HSYK toplandı ve Erzurum Özel Yetkili Ağır Ceza Mahkemesinin bütün hakim ve savcılarını görevden aldı.
Gerekçe; yok.
Bir mahkeme hiçbir gerekçe gösterilmeden çalışamaz hale getirilmedi mi ?
Şimdi zamanlama tartışması başlatarak Balyoz Davasını, içeriğinden çok şekil yönüne çekmeye çalışanlara bu olayı hatırlatalım. Belki unutmuşlardır.
Erzurum Özel Yetkili Cumhuriyet Savcılığı; Erzincan Ergenekon’u Soruşturması kapsamında, 3. Ordu Komutanı Orgeneral Saldıray Berk’i, 10 Şubat’ta ifadeye çağırdı.
Ancak Berk 9-14 Şubat tarihleri arasında görevli olduğunu gerekçe göstererek gitmedi.
Berk 15 Şubat 2010’da tekrar ifadeye çağrıldı ve 10 gün içinde ifade vermeye gelmesi istendi.
Berk eğer 26 Şubat 2010’da Erzurum’a sivil savcıya ifadeye gitmezse hakkında tutuklama kararı çıkarılacaktı.
Bu arada; 16 Şubat 2010 tarihinde aynı soruşturma çerçevesinde Erzincan Başsavcısı İlhan Cihaner makamında gözaltına alındı ve tutuklandı.

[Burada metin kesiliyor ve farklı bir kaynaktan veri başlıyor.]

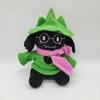 Jevil Deltarune Plush Toy Cartoon Ralsei Lancer Plushie Dolls  Animals Stuffed Dolls Figure  Decoration Pillow Christmas Gifts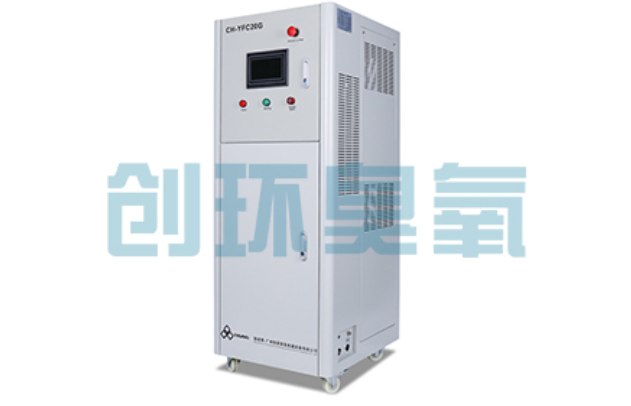 吉林提升花鲈养殖效益的6个臭氧净化系统应用要点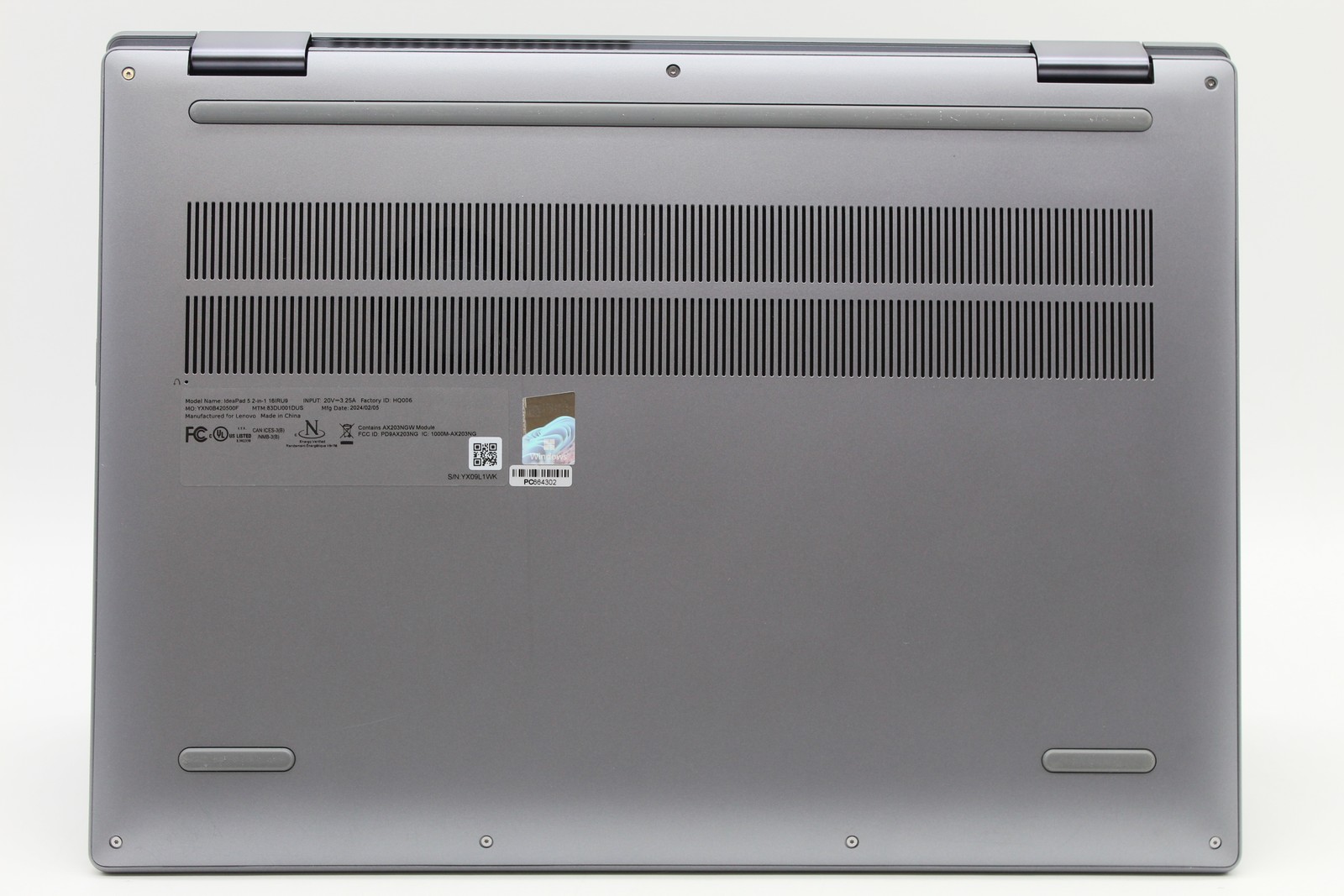 Lenovo IdeaPad 5i 16″ Touch Laptop Intel Core Ultra 5 225U 16GB 512GB PC664302
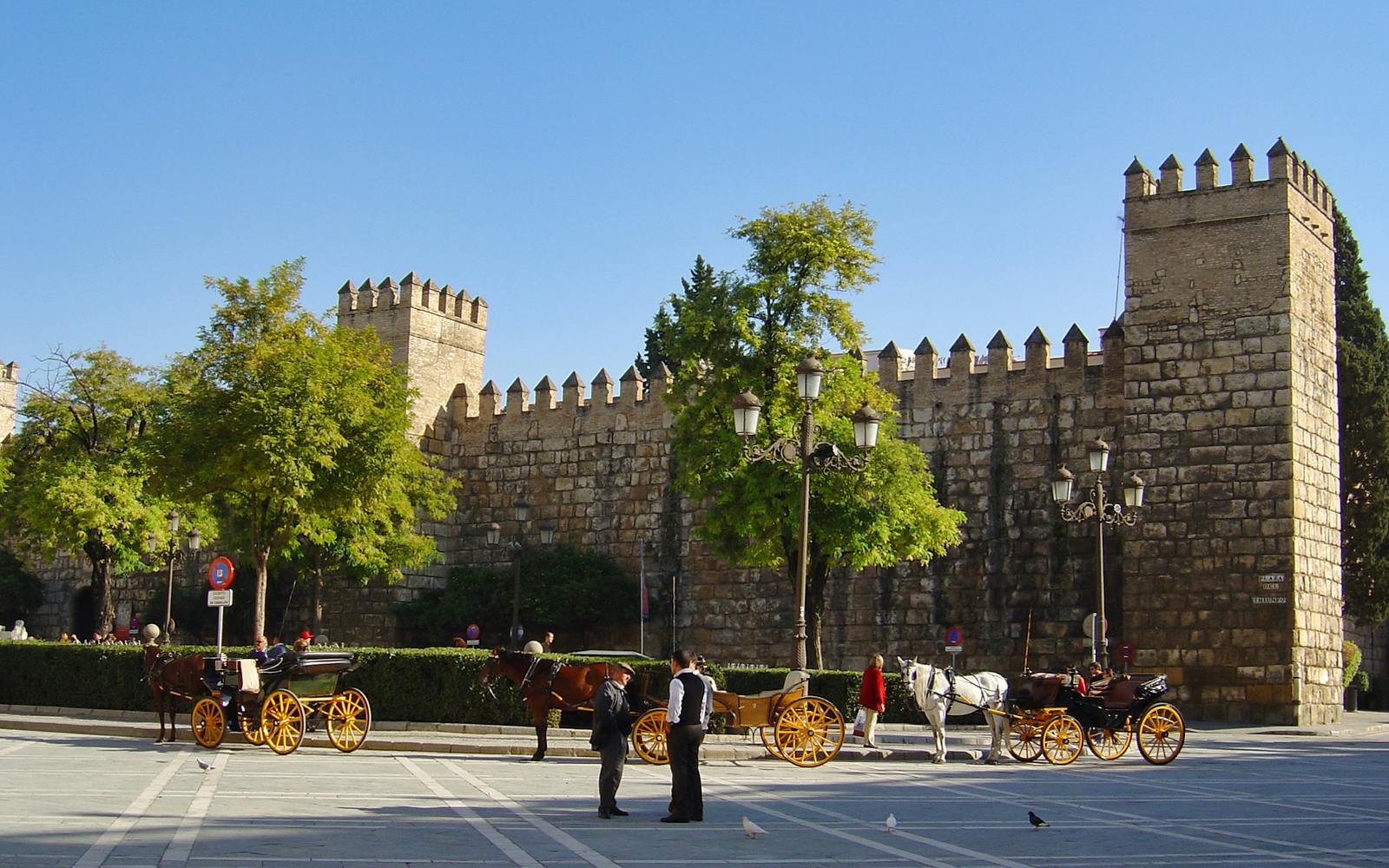 Imagen del tour: Real Alcázar de Sevilla: entradas sin colas
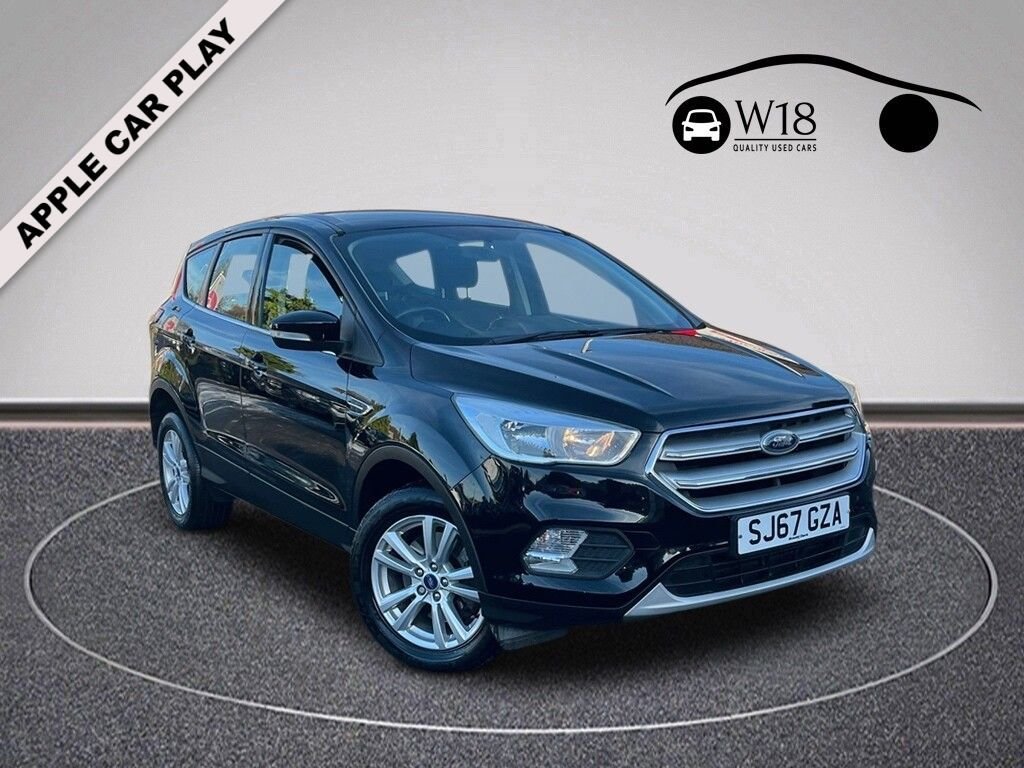 Used Ford Kuga 2017 for sale - 76655261: Photo 1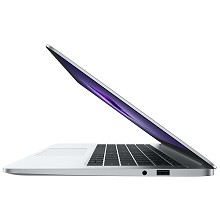 荣耀MagicBook 14英寸轻薄窄边框笔记本电脑（intel八代酷睿i7-8550U 8G 256G MX150 2G独显）冰河银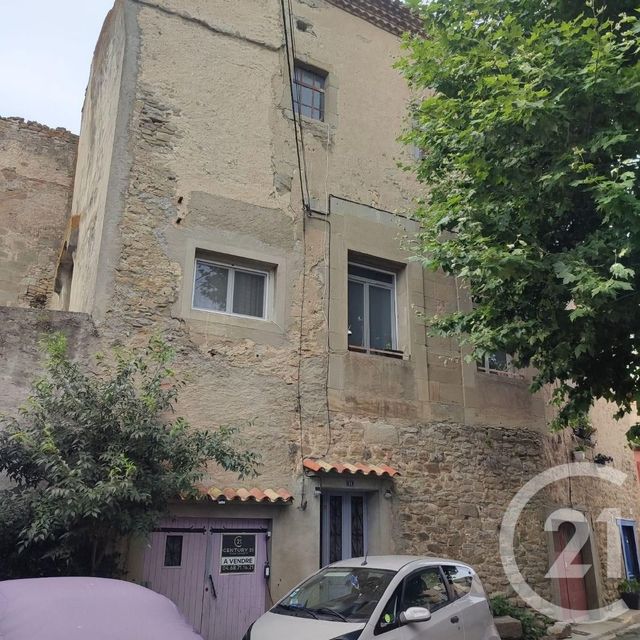 maison à vendre - 4 pièces - 100.0 m2 - VILLALIER - 11 - LANGUEDOC-ROUSSILLON - Century 21 Immo Conseil 11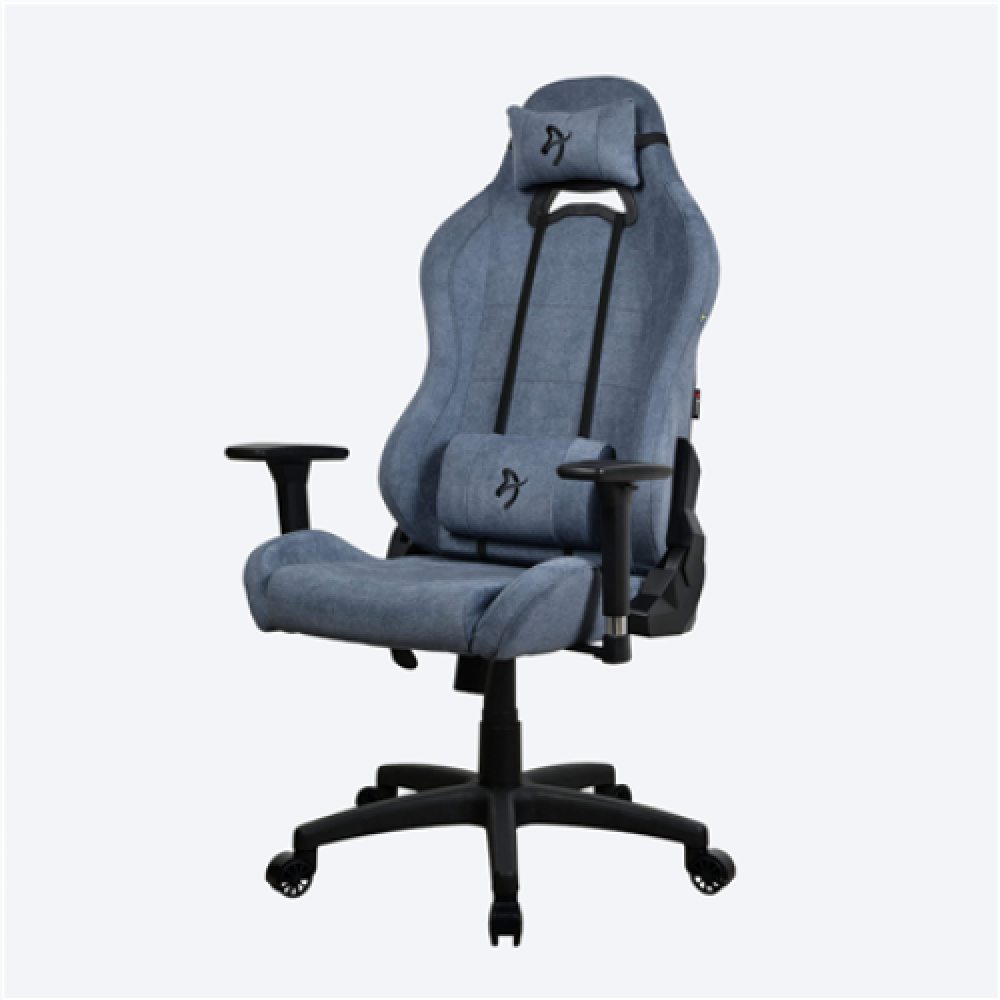 Arozzi Torretta SoftFabric Gaming Chair - Blue , Arozzi Soft fabric , Arozzi , Torretta 2023 Edition , Blue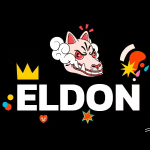 Eldon artist portfolio theme codermarket.png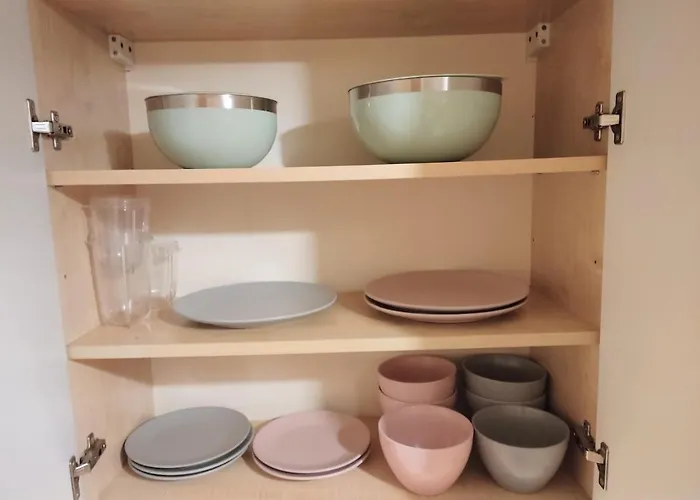 *** Cozy&bright Kraków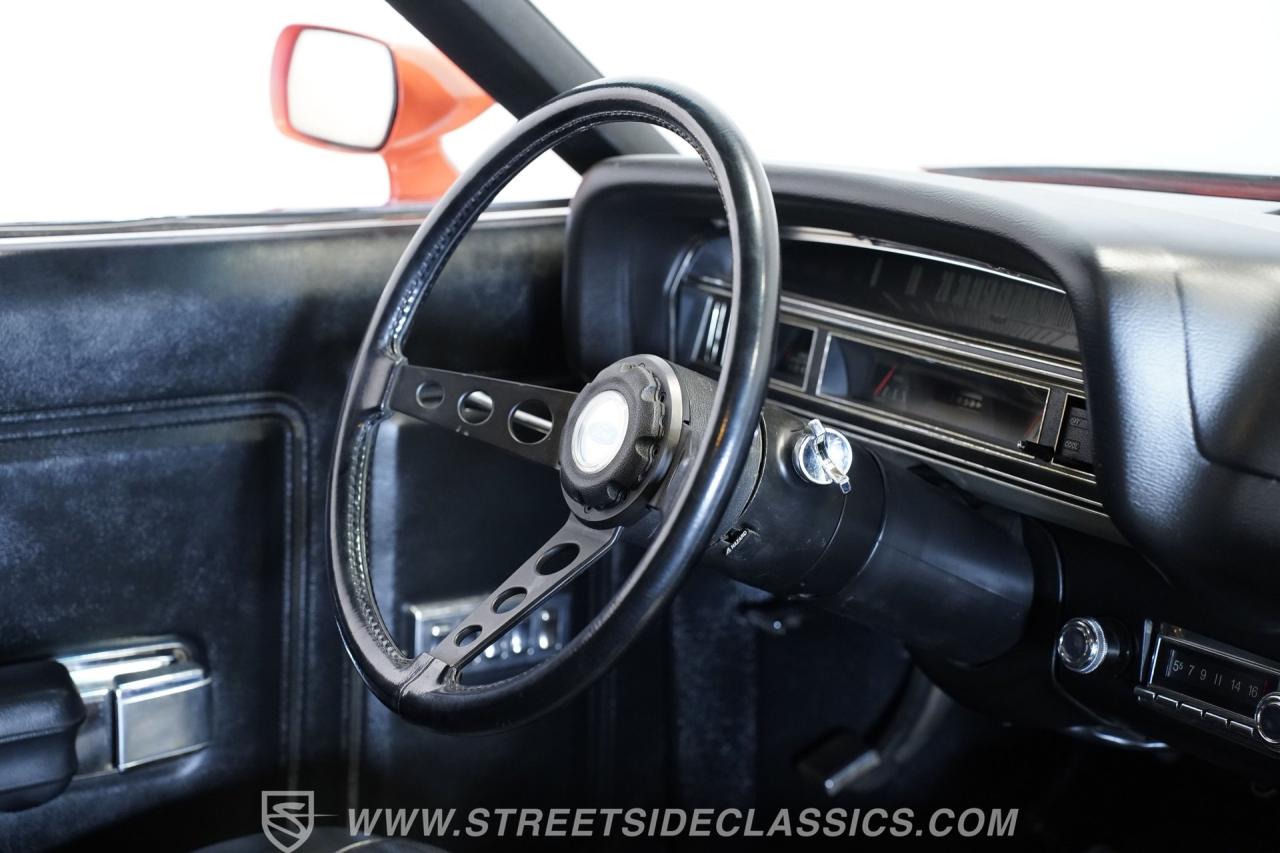 1970 Ford Torino Super Cobra Jet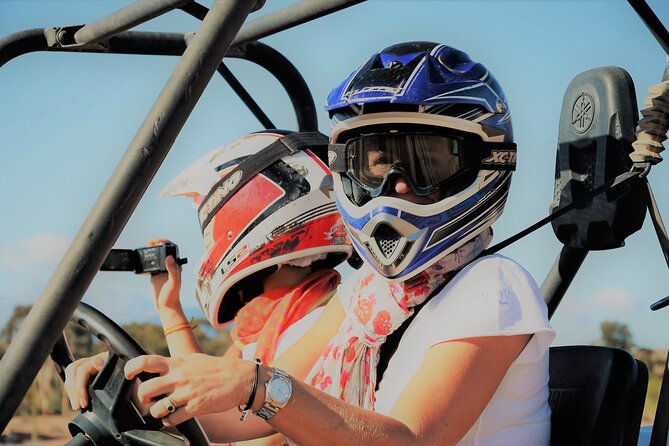 Marrakech Desert Buggy Tour Including Berber Tea Break and transfer - What the $86.32 price really covers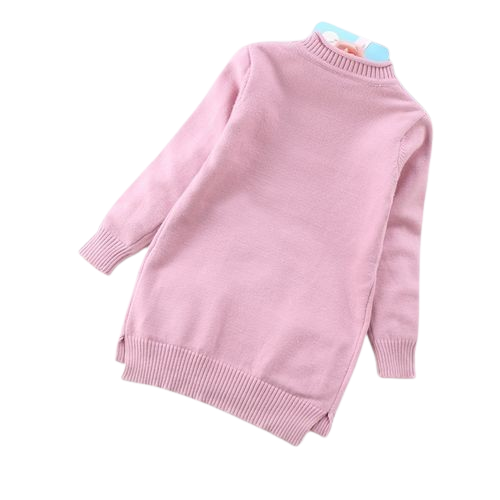 Girls Sweaters Children Clothing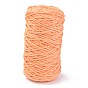 Cotton String Threads, for DIY Crafts, Gift Wrapping and Jewelry Making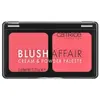 Image de CATRICE Blush Affair Cream & Powder Palette Blush 10 g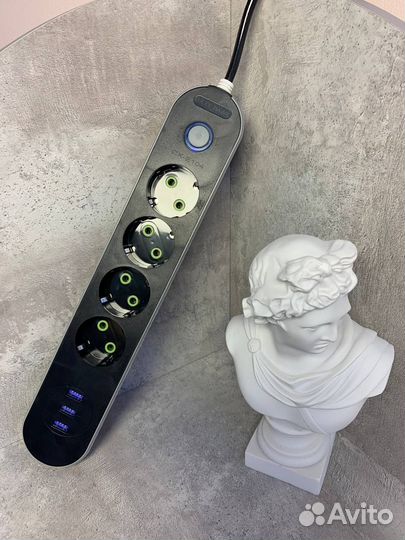 Сетевой фильтр USB (Удлинитель)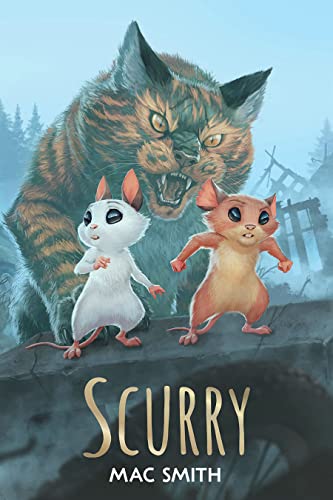 Scurry                                   [TRADE PAPER         ]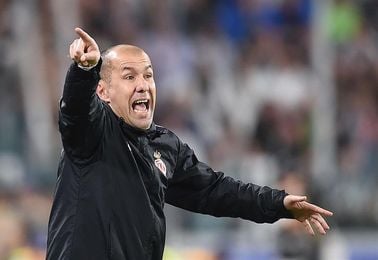 Jardim dice que Mbappé es una opción para el partido ante el Marsella Jardim dice que Mbappé es una opción para el partido ante el Marsella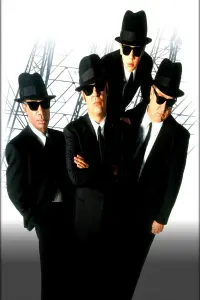 Poster to the movie "Blues Brothers 2000" #455320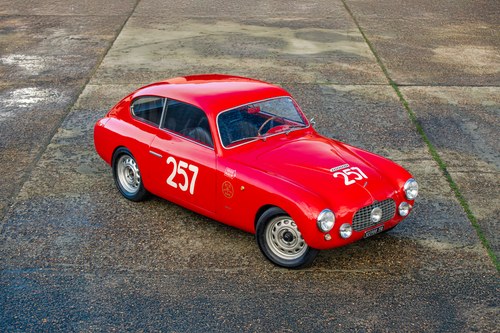 1948 Fiat 1100 Stanguellini | Extensive (race) history Kaufen Bei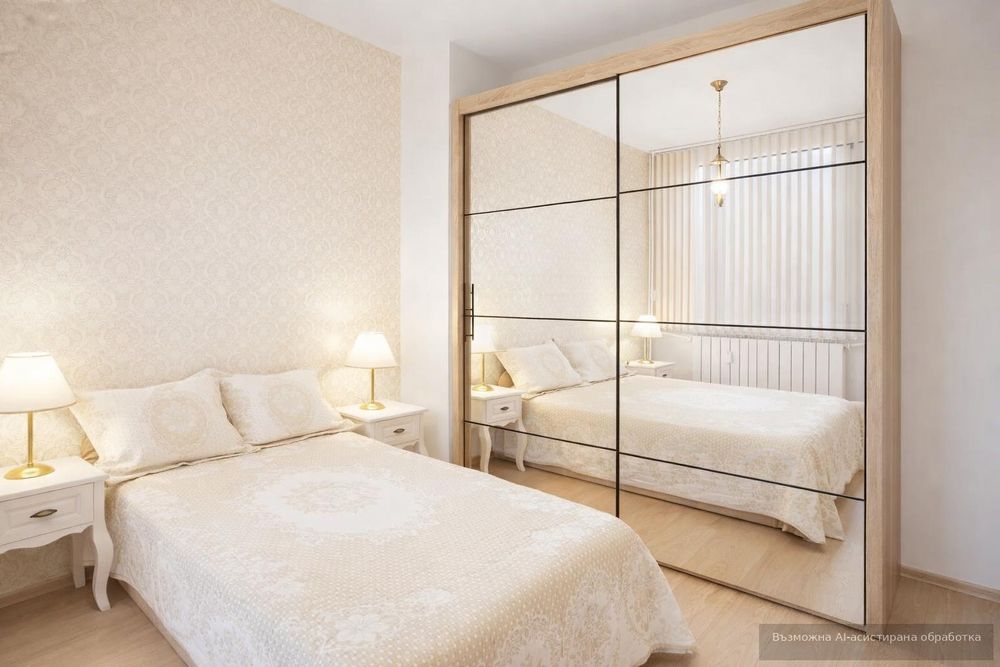 Двустаен апартамент в ж.к. Банишора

Tutuklayan; Berk’i ifadeye çağıran Erzurum Özel Yetkili Ağır Ceza Mahkemesi heyeti.
Sonra ne oldu ?
Ertesi sabah yani 17 Şubat 2010’da HSYK toplandı ve hiçbir gerekçe göstermeden Saldıray Berk’i ifadeye çağıran ve Cihaner’i tutuklayan Erzurum Özel Yetkili Ağır Ceza Mahkemesinin bütün ekibini görevden aldı.
Zamanlamaya dikkat !
Cihaner’in tutuklanmasından 10 saat sonra, 3. Ordu Komutanı Berk’in ifadeye çağırılması ve gitmezse tutuklanacağının açıklanmasından 40 saat sonra.
Üstelik bütün mahkeme heyetinin görevden alınmasıyla Orgeneral Berk’in ifadesini alacak mahkemenin içi boşaltılmış oldu.
Balyoz davasında mahkeme başkanının görevden alınmasının zamanlamasını sorgulayanlar, nedense şimdi Erzurum’daki HSYK operasyonunu unutuyorlar.
Üstelik Erzurum’da ne teftiş raporu, ne de bir satır soruşturma vardı.
Oysa görevden alınan Balyoz hakimiyle ilgili ortada disiplin soruşturması raporu var.
Nedense Balyoz bazılarında hafıza kaybı yapmış gibi görünüyor.
Şimdi “zamanlama” çamuruna yatmayın da Paşa Paşa anlatın bakalım neler yaptığınızı.